Material supplied:

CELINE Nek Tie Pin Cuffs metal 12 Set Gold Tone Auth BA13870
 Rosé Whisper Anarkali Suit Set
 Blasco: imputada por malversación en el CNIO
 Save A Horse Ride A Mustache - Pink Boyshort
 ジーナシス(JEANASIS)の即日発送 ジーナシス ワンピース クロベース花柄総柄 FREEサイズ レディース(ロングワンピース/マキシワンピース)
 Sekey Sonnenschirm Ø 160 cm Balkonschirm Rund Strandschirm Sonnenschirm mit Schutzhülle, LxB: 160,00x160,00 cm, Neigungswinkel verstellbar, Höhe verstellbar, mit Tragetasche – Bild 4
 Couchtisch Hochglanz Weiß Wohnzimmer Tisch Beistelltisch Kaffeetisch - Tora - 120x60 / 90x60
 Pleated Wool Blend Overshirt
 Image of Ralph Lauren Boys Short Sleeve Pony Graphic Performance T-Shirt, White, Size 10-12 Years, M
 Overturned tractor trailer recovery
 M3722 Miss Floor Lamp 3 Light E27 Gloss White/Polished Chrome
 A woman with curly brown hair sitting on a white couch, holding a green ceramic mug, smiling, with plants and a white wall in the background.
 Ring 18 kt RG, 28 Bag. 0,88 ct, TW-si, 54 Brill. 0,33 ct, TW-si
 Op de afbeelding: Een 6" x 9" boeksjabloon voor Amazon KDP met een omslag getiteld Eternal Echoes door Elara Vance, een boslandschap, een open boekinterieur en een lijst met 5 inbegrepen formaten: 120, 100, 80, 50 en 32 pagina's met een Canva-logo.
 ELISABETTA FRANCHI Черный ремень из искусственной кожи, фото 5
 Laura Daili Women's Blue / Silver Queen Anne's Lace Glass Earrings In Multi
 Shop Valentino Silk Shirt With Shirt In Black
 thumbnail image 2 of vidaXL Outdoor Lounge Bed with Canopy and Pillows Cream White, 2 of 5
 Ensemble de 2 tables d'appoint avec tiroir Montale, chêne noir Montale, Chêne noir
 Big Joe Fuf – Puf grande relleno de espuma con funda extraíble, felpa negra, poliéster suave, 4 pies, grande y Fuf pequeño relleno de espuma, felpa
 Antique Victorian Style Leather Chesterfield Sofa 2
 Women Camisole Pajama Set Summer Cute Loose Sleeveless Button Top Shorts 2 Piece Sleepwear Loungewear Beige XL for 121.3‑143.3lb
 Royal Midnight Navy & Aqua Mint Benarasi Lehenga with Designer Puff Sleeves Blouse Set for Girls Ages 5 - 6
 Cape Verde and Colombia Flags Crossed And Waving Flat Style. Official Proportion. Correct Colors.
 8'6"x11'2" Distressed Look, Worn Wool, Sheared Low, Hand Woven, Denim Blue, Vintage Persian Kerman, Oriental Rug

Work instructions: Determine the number of lines in the preceding data that contain the word "Wool". Reply with that number only.

Result of this exercise: 2